## Exercise
In the entries that follow, the line with "6043 Se TENINO St, Portland, OR 97206" opens the range and the line with "TOYOTA RAV4 2015 - 2T3YFREV6FW163105" closes it; repeat that range exactly, both lines included.

## Record extracts

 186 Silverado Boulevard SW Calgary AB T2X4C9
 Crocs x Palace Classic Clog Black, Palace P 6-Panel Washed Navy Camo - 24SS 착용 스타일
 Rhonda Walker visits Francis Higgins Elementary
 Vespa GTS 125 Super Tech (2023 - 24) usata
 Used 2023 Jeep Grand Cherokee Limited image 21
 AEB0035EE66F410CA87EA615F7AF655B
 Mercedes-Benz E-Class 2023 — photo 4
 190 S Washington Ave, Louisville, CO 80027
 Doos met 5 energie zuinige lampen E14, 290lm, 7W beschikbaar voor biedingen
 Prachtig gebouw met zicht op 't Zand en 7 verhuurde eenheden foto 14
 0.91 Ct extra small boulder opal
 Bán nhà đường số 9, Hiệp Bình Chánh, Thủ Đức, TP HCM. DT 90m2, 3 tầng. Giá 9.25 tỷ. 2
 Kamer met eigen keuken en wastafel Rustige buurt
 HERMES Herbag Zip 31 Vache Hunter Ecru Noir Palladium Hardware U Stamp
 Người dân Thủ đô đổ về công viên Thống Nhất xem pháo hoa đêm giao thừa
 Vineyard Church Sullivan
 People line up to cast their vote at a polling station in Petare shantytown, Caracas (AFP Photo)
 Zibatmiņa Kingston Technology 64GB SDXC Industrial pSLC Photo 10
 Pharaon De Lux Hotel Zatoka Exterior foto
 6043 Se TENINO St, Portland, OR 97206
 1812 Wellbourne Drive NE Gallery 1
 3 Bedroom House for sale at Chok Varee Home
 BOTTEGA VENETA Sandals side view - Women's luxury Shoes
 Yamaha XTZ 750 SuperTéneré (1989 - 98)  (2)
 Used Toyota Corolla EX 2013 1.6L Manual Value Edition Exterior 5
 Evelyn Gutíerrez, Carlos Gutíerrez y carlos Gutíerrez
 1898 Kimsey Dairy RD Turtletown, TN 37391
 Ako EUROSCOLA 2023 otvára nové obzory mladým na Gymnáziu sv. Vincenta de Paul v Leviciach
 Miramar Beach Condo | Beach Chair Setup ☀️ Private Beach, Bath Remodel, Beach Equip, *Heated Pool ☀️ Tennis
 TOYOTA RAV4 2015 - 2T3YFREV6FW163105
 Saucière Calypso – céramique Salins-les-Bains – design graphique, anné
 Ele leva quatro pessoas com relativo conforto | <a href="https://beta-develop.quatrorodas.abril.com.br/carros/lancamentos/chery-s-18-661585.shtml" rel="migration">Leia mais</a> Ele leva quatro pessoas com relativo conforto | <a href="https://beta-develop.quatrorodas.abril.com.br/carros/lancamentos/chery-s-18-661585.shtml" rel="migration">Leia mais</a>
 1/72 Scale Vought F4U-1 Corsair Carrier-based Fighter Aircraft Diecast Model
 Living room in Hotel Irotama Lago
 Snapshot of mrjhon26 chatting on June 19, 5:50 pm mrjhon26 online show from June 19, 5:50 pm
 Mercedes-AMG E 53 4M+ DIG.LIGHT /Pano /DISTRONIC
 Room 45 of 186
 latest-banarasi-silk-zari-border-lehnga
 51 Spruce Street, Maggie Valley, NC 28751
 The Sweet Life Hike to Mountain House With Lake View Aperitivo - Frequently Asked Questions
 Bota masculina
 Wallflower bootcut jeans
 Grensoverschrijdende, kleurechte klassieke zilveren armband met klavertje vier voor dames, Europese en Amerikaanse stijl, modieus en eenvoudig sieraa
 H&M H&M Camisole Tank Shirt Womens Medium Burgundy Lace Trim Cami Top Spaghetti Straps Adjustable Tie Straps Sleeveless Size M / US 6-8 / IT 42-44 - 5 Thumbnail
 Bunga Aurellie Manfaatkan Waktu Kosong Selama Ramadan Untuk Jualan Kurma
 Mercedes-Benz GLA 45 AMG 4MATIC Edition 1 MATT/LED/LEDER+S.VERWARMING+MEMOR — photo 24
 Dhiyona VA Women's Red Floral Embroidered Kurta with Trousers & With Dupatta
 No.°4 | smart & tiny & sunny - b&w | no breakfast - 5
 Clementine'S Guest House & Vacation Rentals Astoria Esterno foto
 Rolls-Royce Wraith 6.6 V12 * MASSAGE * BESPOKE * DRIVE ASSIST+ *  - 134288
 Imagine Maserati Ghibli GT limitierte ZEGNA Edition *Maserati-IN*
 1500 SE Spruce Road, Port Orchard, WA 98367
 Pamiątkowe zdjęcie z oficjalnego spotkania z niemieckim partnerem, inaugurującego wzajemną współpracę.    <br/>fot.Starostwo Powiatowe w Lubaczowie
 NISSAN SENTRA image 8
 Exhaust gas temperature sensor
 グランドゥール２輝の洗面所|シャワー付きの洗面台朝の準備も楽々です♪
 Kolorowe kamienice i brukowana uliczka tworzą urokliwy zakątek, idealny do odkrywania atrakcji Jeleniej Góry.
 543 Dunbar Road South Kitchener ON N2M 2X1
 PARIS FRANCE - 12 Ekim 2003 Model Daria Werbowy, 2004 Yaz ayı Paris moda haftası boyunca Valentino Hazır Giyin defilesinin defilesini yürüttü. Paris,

## Response
 6043 Se TENINO St, Portland, OR 97206
 1812 Wellbourne Drive NE Gallery 1
 3 Bedroom House for sale at Chok Varee Home
 BOTTEGA VENETA Sandals side view - Women's luxury Shoes
 Yamaha XTZ 750 SuperTéneré (1989 - 98)  (2)
 Used Toyota Corolla EX 2013 1.6L Manual Value Edition Exterior 5
 Evelyn Gutíerrez, Carlos Gutíerrez y carlos Gutíerrez
 1898 Kimsey Dairy RD Turtletown, TN 37391
 Ako EUROSCOLA 2023 otvára nové obzory mladým na Gymnáziu sv. Vincenta de Paul v Leviciach
 Miramar Beach Condo | Beach Chair Setup ☀️ Private Beach, Bath Remodel, Beach Equip, *Heated Pool ☀️ Tennis
 TOYOTA RAV4 2015 - 2T3YFREV6FW163105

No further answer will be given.